__DATA SECTION__:
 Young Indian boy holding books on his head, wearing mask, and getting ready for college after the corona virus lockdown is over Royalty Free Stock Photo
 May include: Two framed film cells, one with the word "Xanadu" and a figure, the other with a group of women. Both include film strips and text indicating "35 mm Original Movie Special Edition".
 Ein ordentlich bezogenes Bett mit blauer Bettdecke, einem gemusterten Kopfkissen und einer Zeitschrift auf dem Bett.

__THE TASK__:
Set down the entire listing above again, word for word.

__EXERCISE SOLUTION__:
 Young Indian boy holding books on his head, wearing mask, and getting ready for college after the corona virus lockdown is over Royalty Free Stock Photo
 May include: Two framed film cells, one with the word "Xanadu" and a figure, the other with a group of women. Both include film strips and text indicating "35 mm Original Movie Special Edition".
 Ein ordentlich bezogenes Bett mit blauer Bettdecke, einem gemusterten Kopfkissen und einer Zeitschrift auf dem Bett.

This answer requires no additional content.